Written by: Nimesh Shah

Government’s new proposals for a new SDLT charge poses huge areas of uncertainty for second home owners and buy-to-let investors, with issues ranging from holiday homes to challenges for those that own property abroad,

At the 2015 Autumn Statement, the government announced a package of measures focussed on providing low cost home ownership for first time buyers. One of the measures was to introduce a higher rate of stamp duty land tax ("SDLT") applying to purchases of additional residential properties, such as buy-to-let properties and second homes.

The new charge will add 3% SDLT to the current rates for residential properties and will take effect from 1 April 2016. A consultation document regarding the new SDLT charge was published in late December 2015, with responses from interested parties required by 1 February 2016.

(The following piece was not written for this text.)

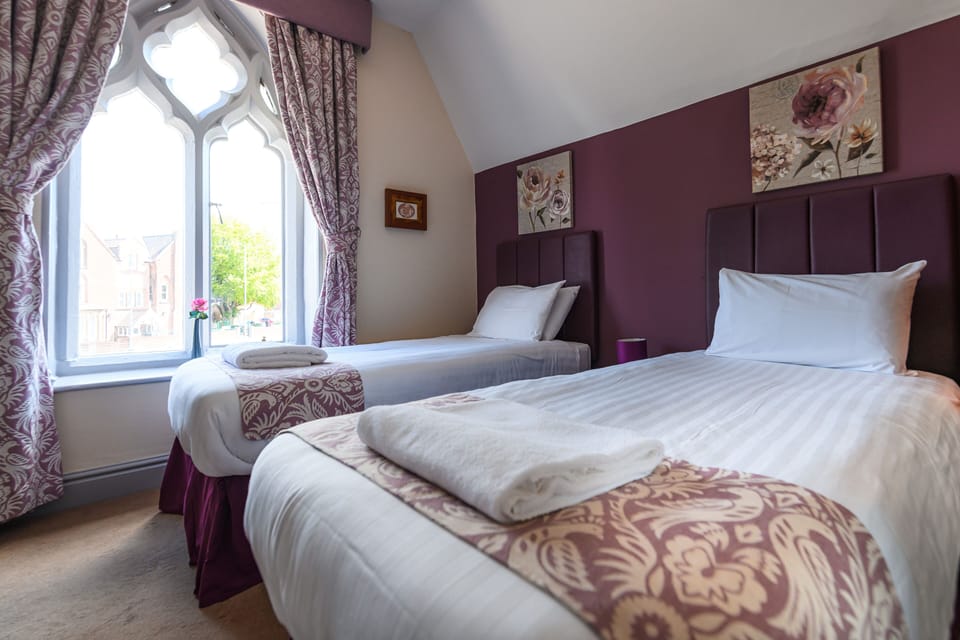 Standard Twin Room | Desk, laptop workspace, blackout drapes, soundproofing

Whilst the exact application of the new SDLT will not be known until the 2016 Budget, the consultation paper outlines the proposals.

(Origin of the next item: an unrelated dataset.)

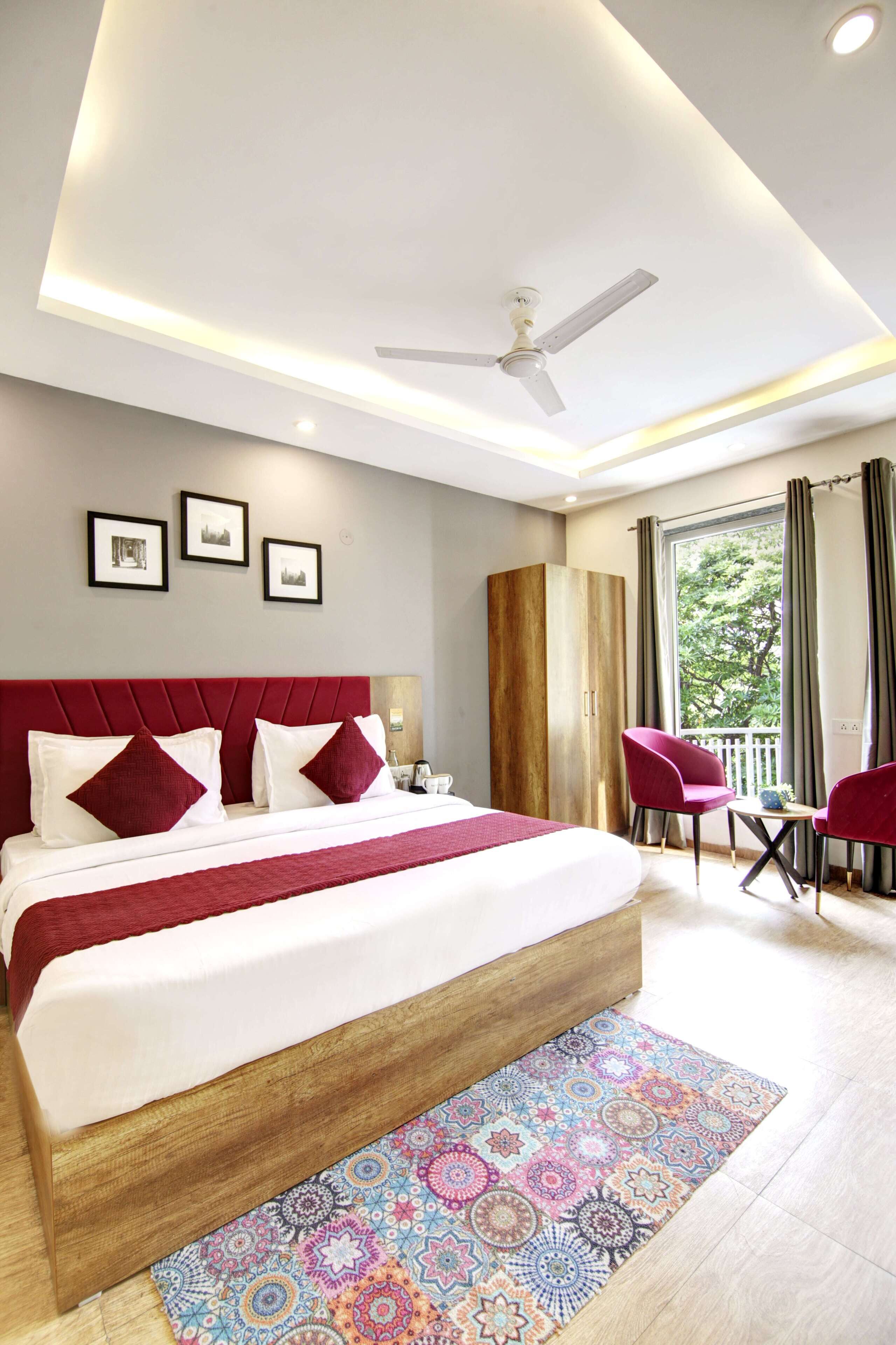 Premium bedding, in-room safe, desk, soundproofing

The objective may appear simple but the commentary in the consultation document has resulted in confusion for taxpayers and professional advisors and it is not always clear when the higher SDLT will apply.

Helpfully, we know for certain that the higher SDLT will not apply where the property transaction completes before 1 April 2016. We also know that the charge will not apply where the exchange of the property occurred before 26 November 2015, but completion is after 1 April 2016 – this will be particularly relevant for any ‘offplan’ purchases which do not complete until after 1 April 2016.

The main area of uncertainty regarding the higher SDLT relates to when someone is moving home. Does the higher SDLT charge apply if I can’t sell my previous home before purchasing my new property? What is the position if I have a holiday home abroad? What happens if I move to the UK with my work and I buy a property but I already have a property in my home country?

These are not uncommon situations and we hope the final rules are made clear so taxpayers and their lawyers (who will be responsible for completing the Land Transaction Return) pay the correct SDLT.

If either partner owns a property before acquiring a main residence, the purchase of the main residence will be subject to the higher SDLT.

Where someone is replacing their main residence, but there is an overlapping period where they own two properties (because they are unable to sell their previous home), the additional SDLT is initially payable, but will be refunded if the previous home is sold within 18 months. There will obviously be a cashflow disadvantage in this situation and individuals moving homes will need to consider how they will fund the additional SDLT.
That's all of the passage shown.